The Armis Labs revealed the details of a new Bluetooth Vulnerability that can permit an attacker access to your phone without touching it. It is a collection of eight exploits collectively called as BlueBorne. An attacker can access your computer, phones, and IoT devices. There are four critical Vulnerabilities.
“BlueBorne” can spread via the air and attack devices through Bluetooth. Using BlueBorne attacker can control the devices and can access the corporate data and network. It also allows attackers to penetrate secure “air-gapped” networks and spread malware laterally to configure devices. The vector allows the attacker to detect the devices, connect to it through Bluetooth, and then start controlling the screen and apps.
After finding the device it will obtain the information about it and will also obtain keys and passwords by forcing the device. Then, the next step is code execution setup which will allow for full control of the device.
Researchers said that, through a Bluetooth connection, the vulnerability resides in the Bluetooth Network Encapsulation Protocol (BNEP) service permits mobile data sharing. BNEP service’s flaw grants a hacker to trigger a surgical memory corruption. The hacker can run the code on the device as it is easy to utilize.
In the last step, an attacker can start streaming data from the device in a “man-in-the-middle” attack.

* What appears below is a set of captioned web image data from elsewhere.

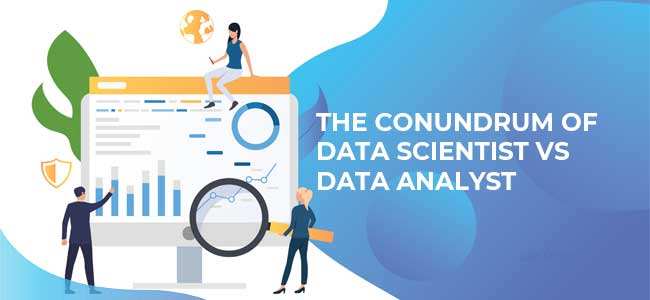 The-Conundrum-of-Data-Scientist-Vs-Data-Analyst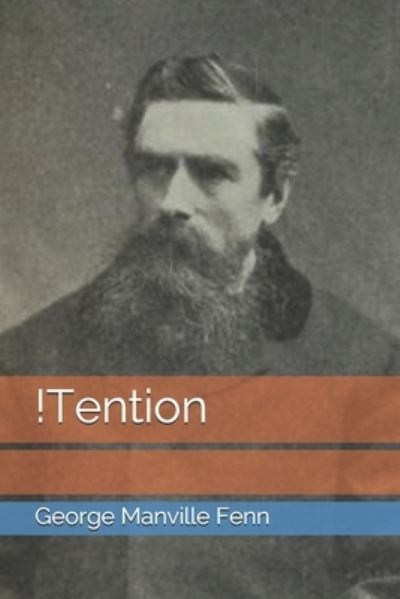 Cover for George Manville Fenn · !Tention (Taschenbuch) (2021)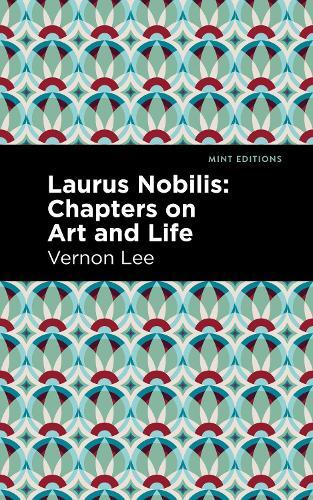 Thumbnail - Vernon Lee Laurus Nobilis (gebundene Ausgabe) Mint Editions (us
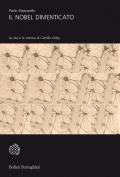 Il Nobel dimenticato. La vita e la scienza di Camillo Golgi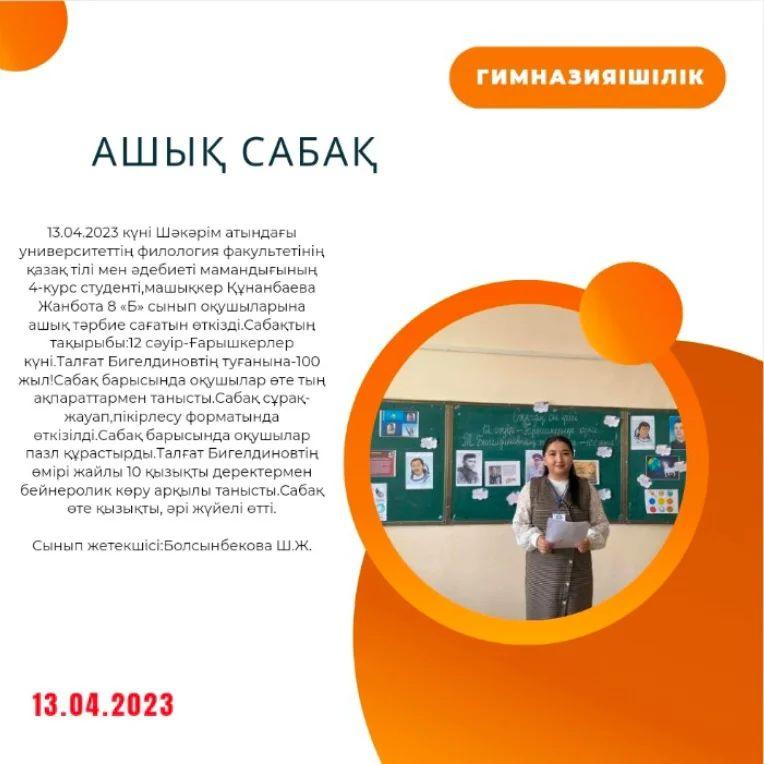 13.04.2023 күні Шәкәрім атындағы университеттің филология факультетінің қазақ тілі мен әдебиеті мамандығының 4-курс студенті,машықкер Құнанбаева Жанбота 8 «Б» сынып оқушыларына ашық тәрбие сағатын өткізді.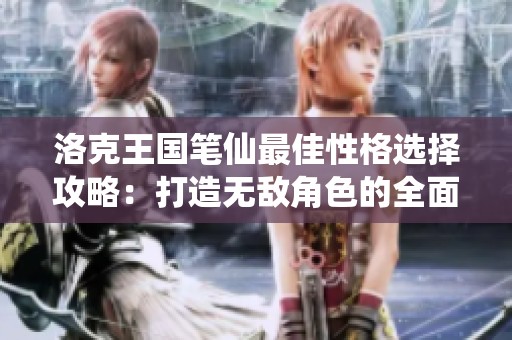 洛克王国笔仙最佳性格选择攻略：打造无敌角色的全面指南与推荐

While today, Google users will receive the patch, Windows and iOS phones are secured. The devices with older versions of Android and Linux could be Vulnerable. So, update your all devices regularly.
“New solutions are needed to address the new airborne attack vector, especially those that make air gapping irrelevant,” Armis said.
As consumers and businesses are using new protocols, focus and research are necessary. Use of desktop, mobile, and IoT devices are increasing day by day so it is important to ensure that these types Vulnerabilities should not get spreader.